**WHAT THE EXERCISE ASKS:** Could you transcribe exactly the lines from the one containing "Peephole Door Furniture" through the end of the listing below, both included, but none of the pictures?

• • • • •

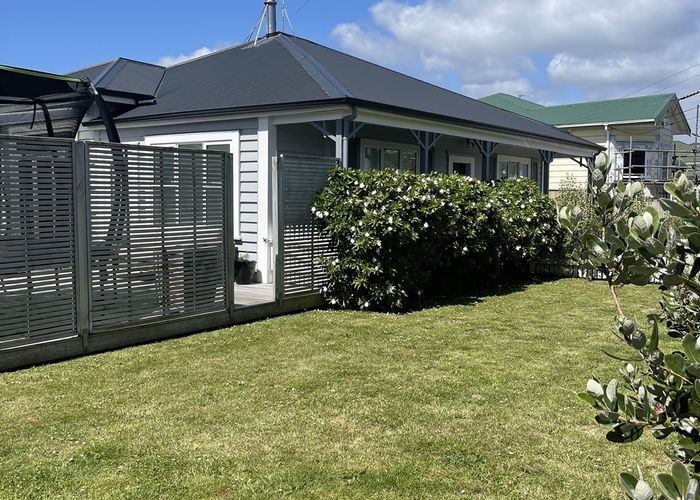  at 1 Titoki Street, Alicetown, Lower Hutt
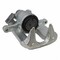 Motorcraft Disc Brake Caliper,  BRCF248 - alternate 4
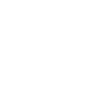 Albstadt Schwaben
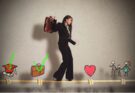 Strategies for Achieving Work-Life Balance as a Serial Entrepreneur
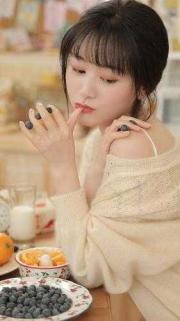 太子有白月光,這太子妃我不做了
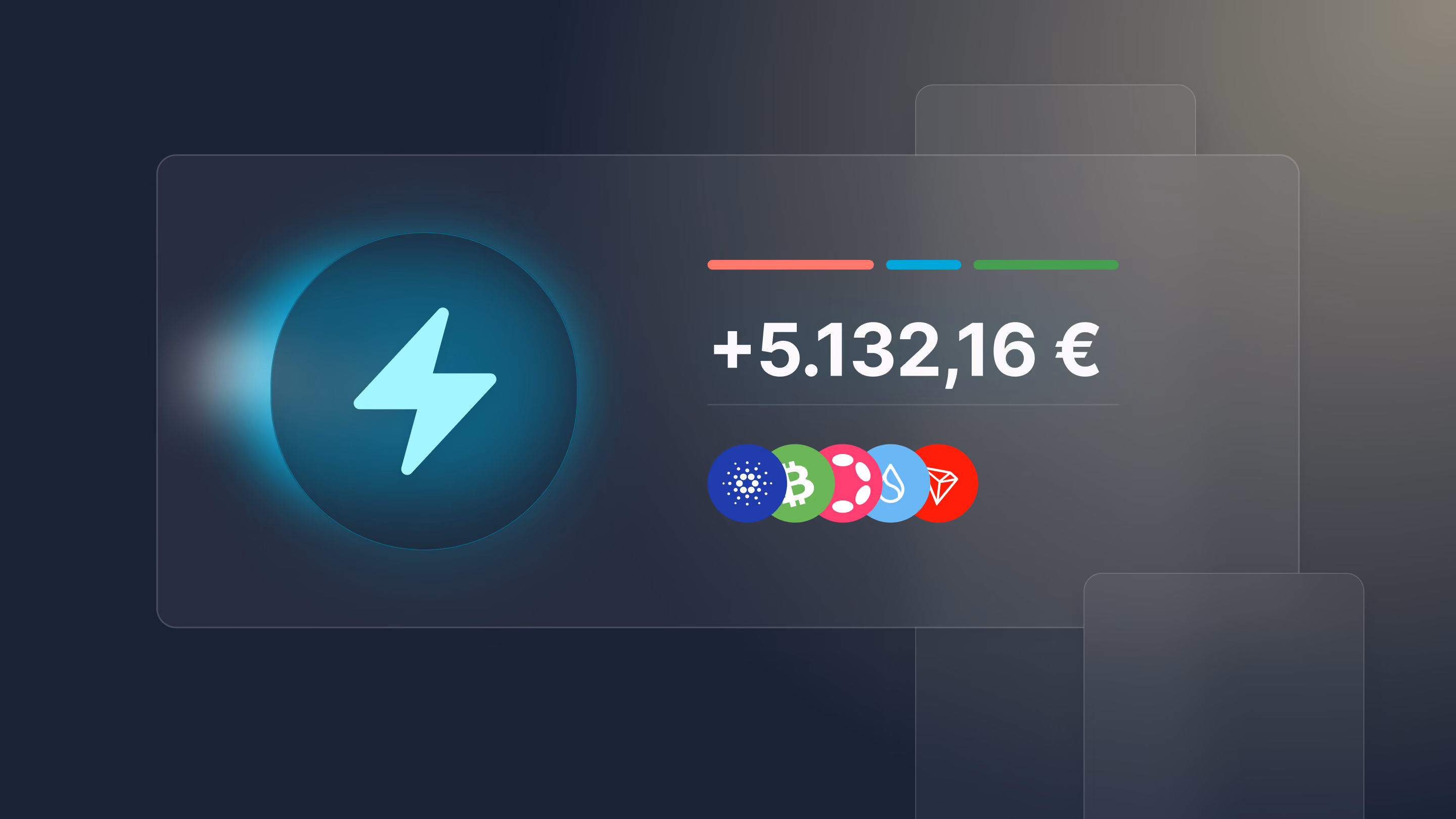 [google image search] image of a corporate email interface (for a blockchain and cryptocurrency)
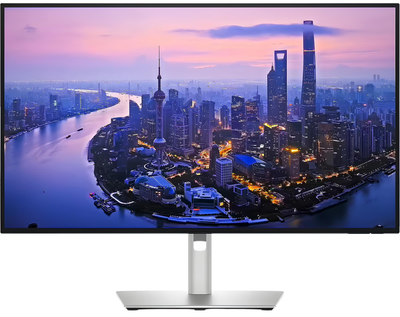 Монитор 27" Dell U2725QE (5397184923405)
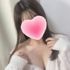 新橋メンズエステ ふたりきりSPA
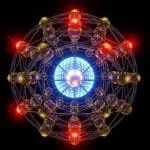 Quantum Computers Edge Closer to Fault-Tolerance with New 2.5% Error Threshold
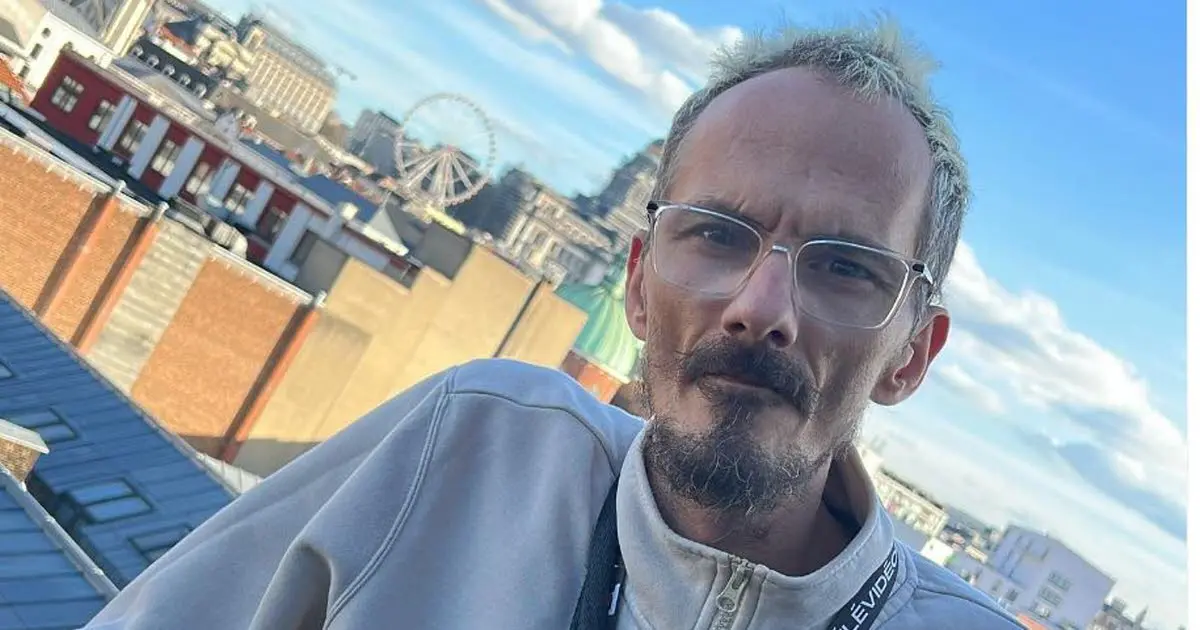 Nécrologie. Un streamer, victime régulière d'humiliation et de maltraitance, décède... en direct sur Internet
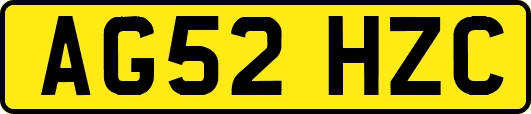AG52HZC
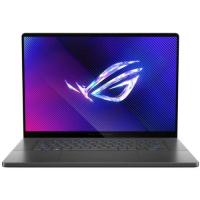 ราคา Notebook Asus ROG Zephyrus G16 (GU605MI-QR225WF)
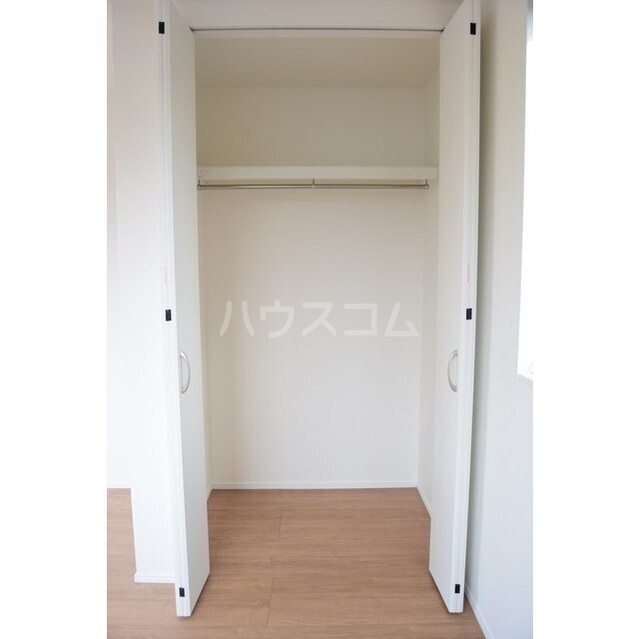 6/17 収納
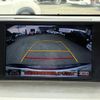 lexus nx 2015 -LEXUS--Lexus NX DAA-AYZ10--AYZ10-1008018---LEXUS--Lexus NX DAA-AYZ10--AYZ10-1008018- image 10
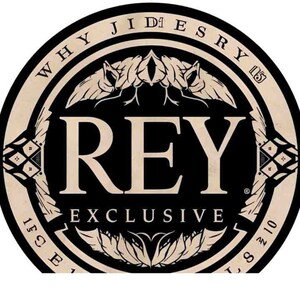 Rap Union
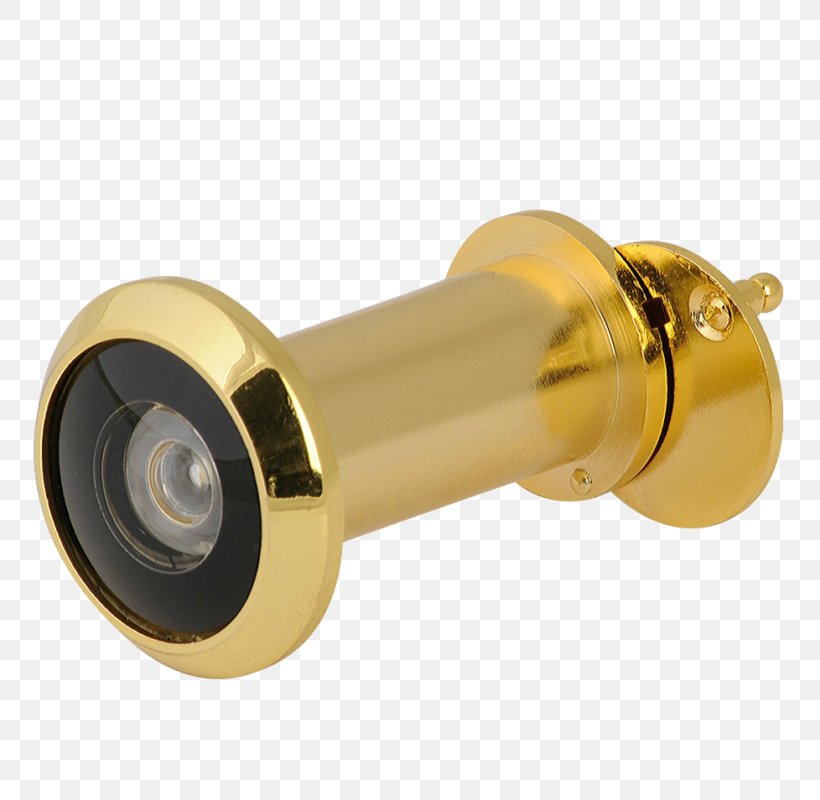 Peephole Door Furniture Electrical Switches, PNG, 800x800px, Peephole, Brass, Builders Hardware, Door, Door Furniture Download Free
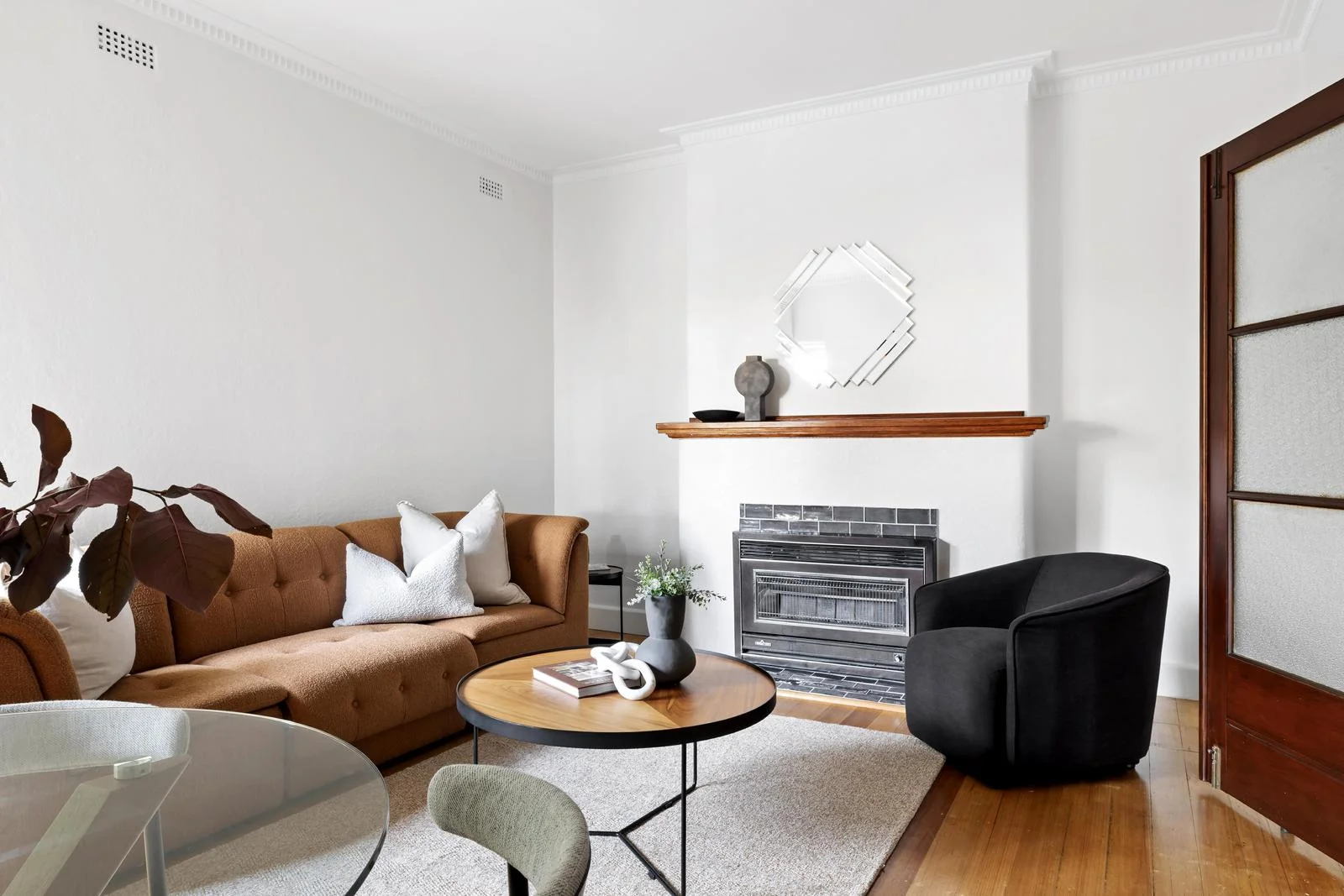 Additional image 4 of 5/46 Manningham Street, Parkville VIC 3052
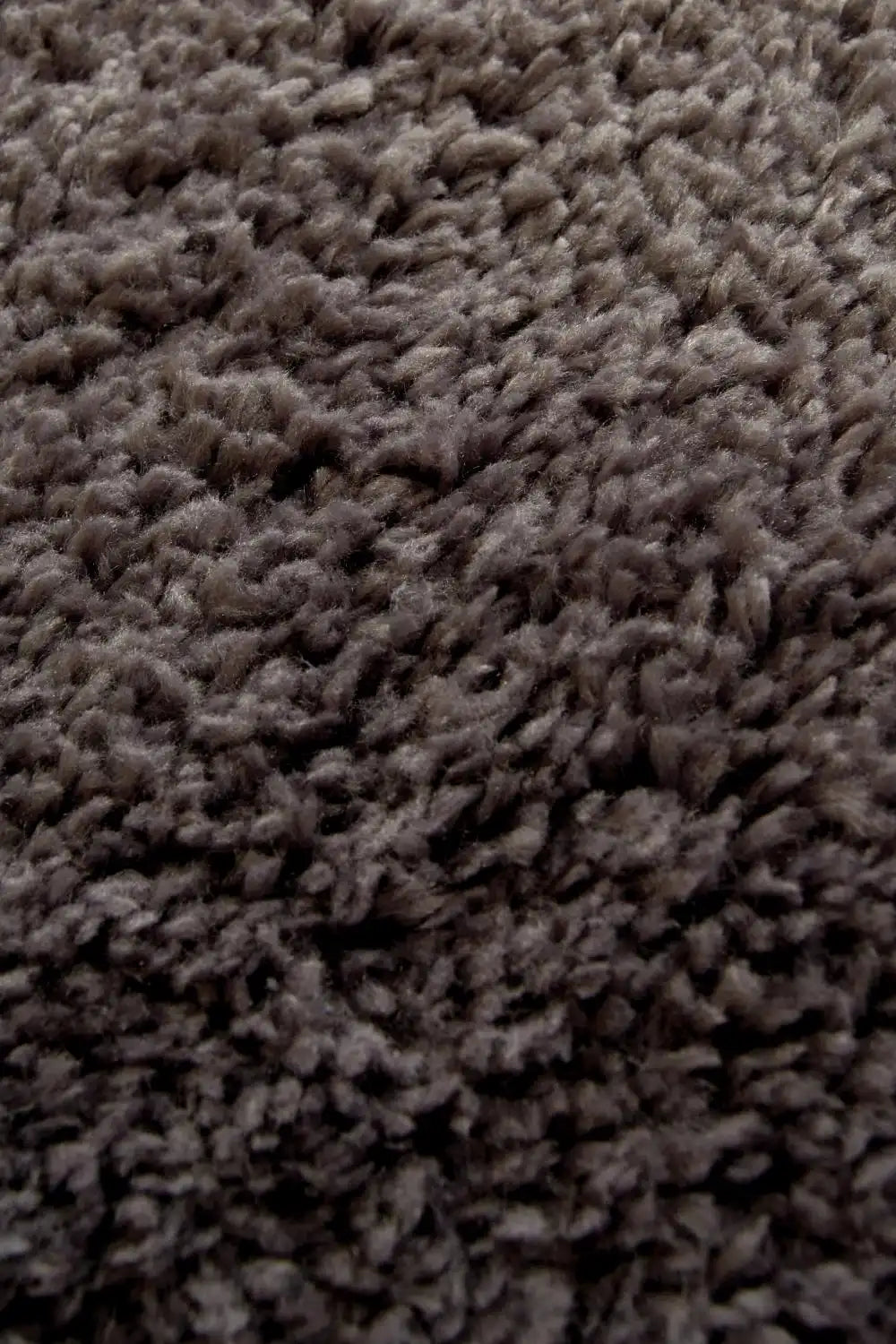 Snug Melrose PLAIN CHARCOAL Rug RS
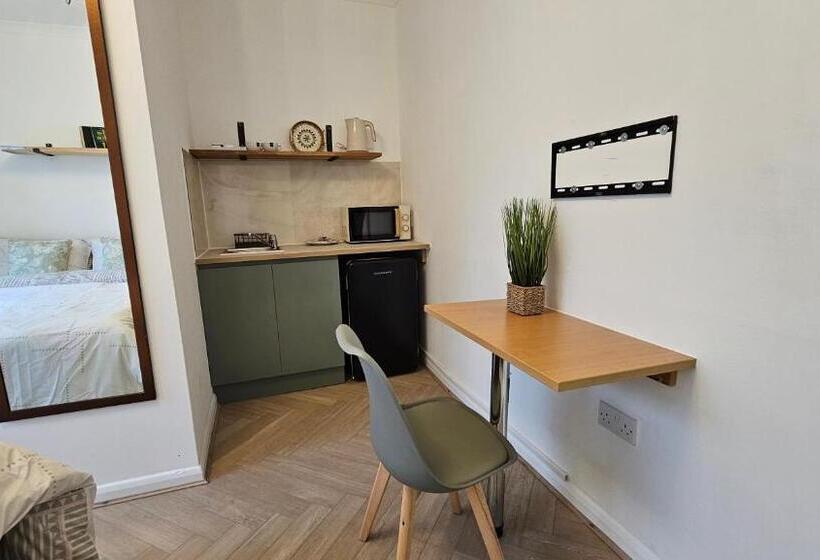 Fotos del hotel New Dome:  71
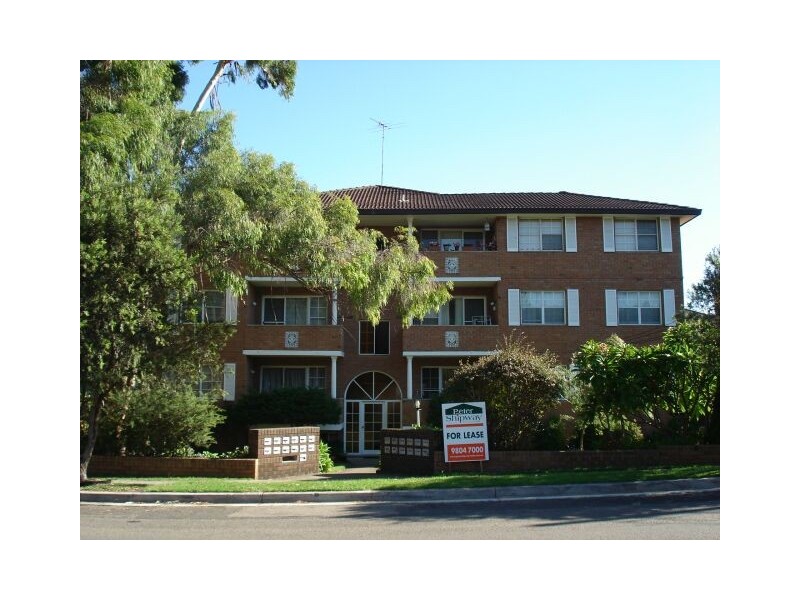 26 Orchard Street, West Ryde NSW 2114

• • • • •

**REPLY:**
 Peephole Door Furniture Electrical Switches, PNG, 800x800px, Peephole, Brass, Builders Hardware, Door, Door Furniture Download Free
 Additional image 4 of 5/46 Manningham Street, Parkville VIC 3052
 Snug Melrose PLAIN CHARCOAL Rug RS
 Fotos del hotel New Dome:  71
 26 Orchard Street, West Ryde NSW 2114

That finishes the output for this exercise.